Portrait of a Marriage in Mussolini’s Italy
What does a relationship between an American woman and her Italian military husband tell us about the pervasiveness of fascism under Mussolini?
A beautiful American opera singer falls in love with and marries a handsome older Italian solider and politician. That description could be the start of a romance novel, but it is definitively not in Victoria de Grazia’s The Perfect Fascist: A Story of Love, Power, and Morality in Mussolini’s Italy. De Grazia, a professor in the department of history, uses the relationship between Lilliana Weinman and Attilio Teruzzi to illustrate how Mussolini’s fascist regime infiltrated all aspects of Italian life.
Columbia News recently spoke to Professor de Grazia to find out how an American Jewish woman ended up marrying an Italian fascist and how Italian fascism mixed the political with the personal.
Q: You mention in your prologue that relatives of Weinman approached you to write this book to find out why “this self-assured woman from a good Jewish family” would marry Teruzzi, "an old and bearded fascist." Why do you think she did?
A: Lilliana Weinman originally went to Milan, the center of world opera at the time, to train as a prima donna. Her plan was to study for three years, return to New York City, take the Metropolitan Opera by storm, and become a great diva. Her talent was such that she might have succeeded had not Teruzzi come into her life. He courted her like he was organizing a coup: inviting her to meet the fascist top brass, showing up at her hotel in full dress uniform, overwhelming her parents with attentiveness. Ultimately, she would forsake her career as prima donna on the opera stage for what she mistook to be real life, as wife and muse to a fascist celebrity.
Q: How did examining Teruzzi’s private life help you understand fascism and Italian society under Mussolini?
A: Fascist despotism mishmashed personal life and politics in an especially heartless way. Fascists were passionate in proclaiming their love for the nation, for Il Duce, and as comrades in arms, for one another. Soldiers, like Terruzzi, who switched their loyalties from the military to the black shirts brought the violence of war and archaic notions of military honor, glory, and betrayal to the home front—meaning both to their homeland and their households. These were not strong men, but weak men who cocooned themselves in the power conferred on them by rising up the fascist hierarchy, who depended on their families, cliques, and Mussolini’s approval for the ballast to survive in the dog-eat-dog world of fascist politics.
Q: What parallels can be drawn between Italy under fascist rule during part of the first half of the 20th century and what is happening today in the United States?

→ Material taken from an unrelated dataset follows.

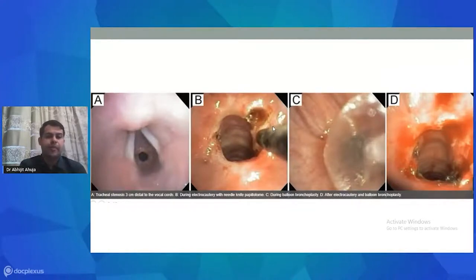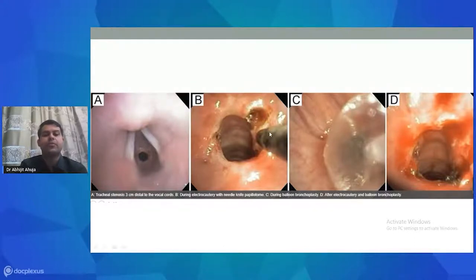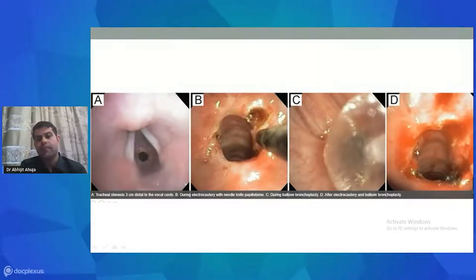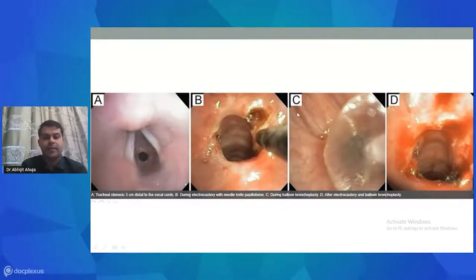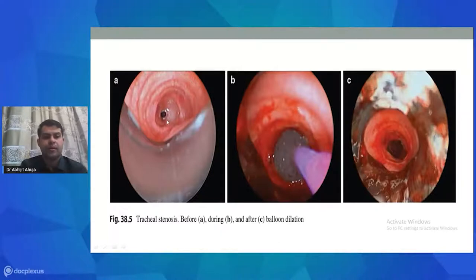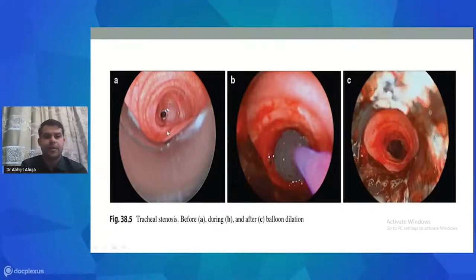This is an example of a tracheal stenosis 3 cm distal to the vocal cords. Incisions are being made through an electrocautery knife to allow balloon insertion into the stenotic segment, which was too small to accept the balloon directly. The end result shows almost more than 90% dilatation, effectively eliminating the lesion. Under the rigid bronchoscope, the lower end of the tracheal lesion is also shown, with balloon dilatation achieving adequate patency.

A: What resonates to me from both eras is the big picture: the liberal world order in chaos. With the political system at an impasse in Italy in the early 20th century, political fortune seekers broke all the rules to grab power, denounced the old liberal establishment as geriatric and the so-called Reds (mostly Social Democrats), as enemies of the nation. The goal, allegedly, for these radical opportunists was to make the nation great again. The means were violent—smashing the unions, outlawing the opposition, and using executive power to steal elections, but also pandering to the traditional elites. The upshot was the restoration of order of a kind, but it was too unstable to last, short of even more abuses of power, which were legitimated by mobilizing public opinion against internal enemies and war mongering.

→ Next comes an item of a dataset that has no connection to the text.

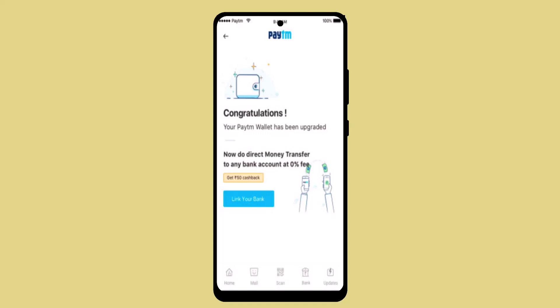In that way, you can complete your KYC process on PTM. That is all for this video — I hope the video was helpful. If you liked the video, consider subscribing to our channel. Thank you for watching, see you in the next video.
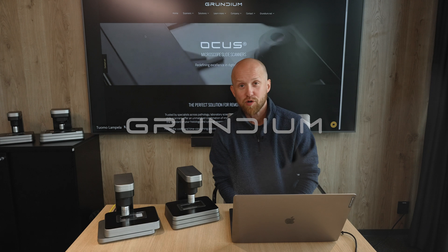Hi, I'm Duomo from Grundium, and today I'm going to talk to you about the Ocus scanners.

Q: Now that you’ve finished writing this book, hopefully you have time to read for pleasure. What’s on your list of books to read?
A: At the moment, I’m only interested in reading melancholy mixed genres like Javier Cercas, the Catalan novelist’s,The Imposter, which I just finished, and thoughtful history, like Margaret MacMillan’s War: How Conflict Shaped Us, which I just began. Also, books about beautiful things are capturing my attention—currently Penny Sparke, the British art historian’s 1970s, ever fresh, gorgeously illustrated Design in Italy.

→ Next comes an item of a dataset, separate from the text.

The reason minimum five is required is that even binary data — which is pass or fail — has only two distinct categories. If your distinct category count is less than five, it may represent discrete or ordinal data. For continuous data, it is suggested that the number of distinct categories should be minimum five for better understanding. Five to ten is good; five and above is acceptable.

Q: You're hosting a dinner party. Which three scholars, authors, activists, artists, or even celebrities, dead or alive, do you invite and why?
A: I’d have the quick and the dead—revived to what they were circa 1968, when the world spirit was thinking beyond the wretched Cold War, about alternative political systems, inequality, ending war, and the health of the planet. Can you imagine Zhou Enlai, the People’s Republic of China’s greatest statesman, also a lady’s man, reflecting on the world and the West, together with Simone de Beauvoir, old Europe’s leading feminist: can we know what humanity is without knowing the half called Woman? And bring in Angela Davis, fresh out of Berkeley and Frankfurt, a fierce mind and passionate to struggle for our homeland, the United States, to get on the side of the good fight. I wouldn’t have gotten in a word. But we all would have drunk a lot, raged at the world, reaffirmed our faith in humanity, the people, as we used to say then, and left the table with high hopes.